Did the Supreme Court strike down affirmative action?

On June 29, 2023, in two cases (SFFA v. Harvard and SFFA v. UNC, referred to here as “Harvard/UNC”), the U.S. Supreme Court held that Harvard University’s and the University of North Carolina’s race-conscious admissions policies violate the Equal Protection Clause of the Fourteenth Amendment. The Equal Protection Clause prohibits discrimination based on race.  

The Supreme Court had previously held in prior cases that universities could use narrowly tailored “race-conscious” admissions policies when deciding whether to admit a student. In its decisions in Harvard/UNC, the Supreme Court acknowledged these prior cases and stated that it has permitted race-conscious college admissions as an exception to the Equal Protection Clause. This exception, however, has only been permitted with certain limits. For the exception to apply, a race-conscious admission program: 1) must satisfy strict scrutiny (i.e., a high-bar of judicial review), 2) cannot use race as a stereotype, and 3) has to end at some point. In Harvard/UNC, the Supreme Court held that Harvard’s and UNC’s admissions programs failed all three of the stated limits.  

So did the Supreme Court strike down affirmative action in university admissions? The Supreme Court held that Harvard’s and UNC’s policies as drafted and implemented violate the Equal Protection Clause. It did not, however, say that all race-conscious admissions policies automatically violate the Equal Protection Clause. Instead, such programs must meet the limits required to allow an exception to the Equal Protection Clause. On the other hand, the Court’s decision outlines a high bar for being granted an exception under the Equal Protection Clause. As a result, it remains to be seen if an affirmative action admissions program can be created that is compliant with the Supreme Court’s recent decision.

How does the Harvard/UNC case impact UTD?

First, UTD does not use race conscious admissions. The University of North Carolina and Harvard University both used race conscious admissions programs, and they will now have to reevaluate their admissions programs to comply with the Court’s decision. Similarly, other colleges and universities who have race conscious admissions policies and programs will also have to evaluate these programs and policies to ensure compliance. Since UTD does not have a race conscious admissions program, UTD will not have to undergo this same exercise. The impact of this decision, however, on diversity efforts in higher education remains to be seen and will take time to fully realize.

But doesn’t UTD have an affirmative action plan?

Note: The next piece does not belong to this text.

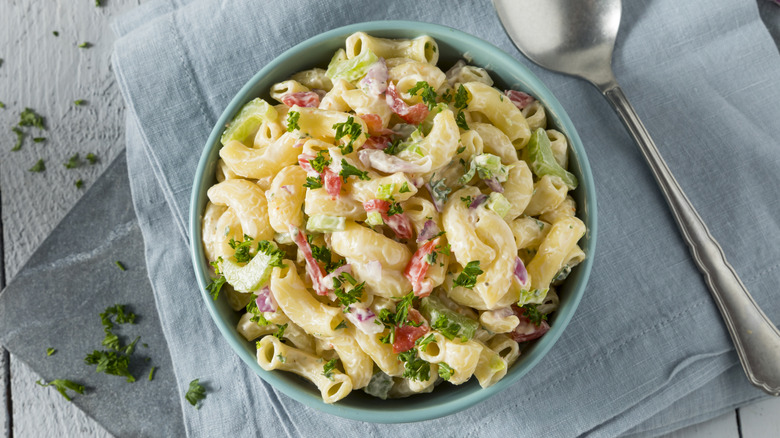 A bowl of macaroni salad next to a metal spoon on a napkin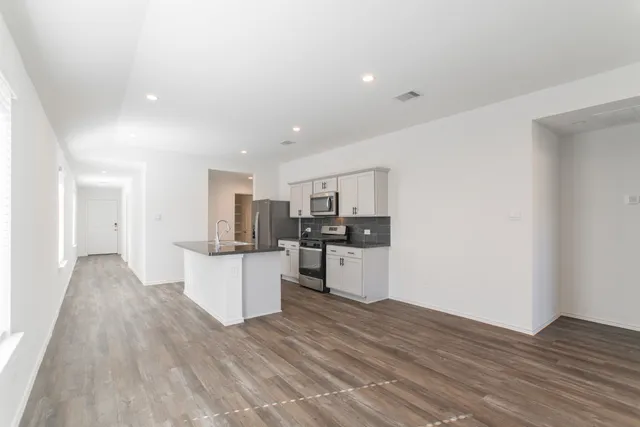 a view of kitchen with wooden floor and electronic appliances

While UTD does not use a race conscious admission policy, it does have an affirmative action plan. Since UTD receives federal funds, it must comply with the regulatory obligations under Executive Order (EO) 11246, the Vietnam Era Veterans’ Readjustment Assistance Act (VEVRAA), and Section 503 of the Rehabilitation Act. Under these regulations, covered federal contractors and subcontractors must take affirmative actions to ensure that applicants are employed, and employees treated during employment, without regard to a protected characteristic. Therefore, UTD prepares an annual affirmative action plan to comply with its affirmative action obligations as a federal contractor.

Does the Supreme Court case change UTD’s affirmative action plan?

No. Required federal contractor affirmative action involves working to promote equal opportunity in employment in the workforce. In alignment with these regulations and other applicable laws, favoring any race (or other protected status) over another is expressly prohibited. By contrast, in Harvard/UNC, the affirmative action admissions programs for Harvard and UNC specifically considered race as a factor when making admissions decisions.  

For additional information, the Office of Federal Contract Compliance Programs (OFCCP) published an FAQ guidance addressing the differences between contractors’ affirmative action obligations and affirmative action in university admissions. One question in the FAQ asks, “Are the affirmative action obligations OFCCP enforces similar to the affirmative action steps taken by some educational institutions to increase the racial diversity of their student bodies?”  

The OFCCP’s response reads:  

No. OFCCP enforces nondiscrimination and affirmative action obligations to ensure equal opportunity in the federal contractor workforce, while some post-secondary educational institutions have implemented a wholly distinct concept of affirmative action that permitted the use of race to be weighed as one factor among many in admissions processes. Further, the Supreme Court’s decision … applies only to higher education admissions programs and does not address the employment context … There continue to be lawful and appropriate ways to foster equitable and inclusive work environments and recruit qualified workers of all backgrounds. OFCCP’s affirmative action requirements enable employers to reduce the risk of discrimination in their workforces and recruit and retain diverse talent.”  

Therefore, UTD will continue to meet its affirmative action obligations pursuant to EO 11246, VEVRAA, and Section 503.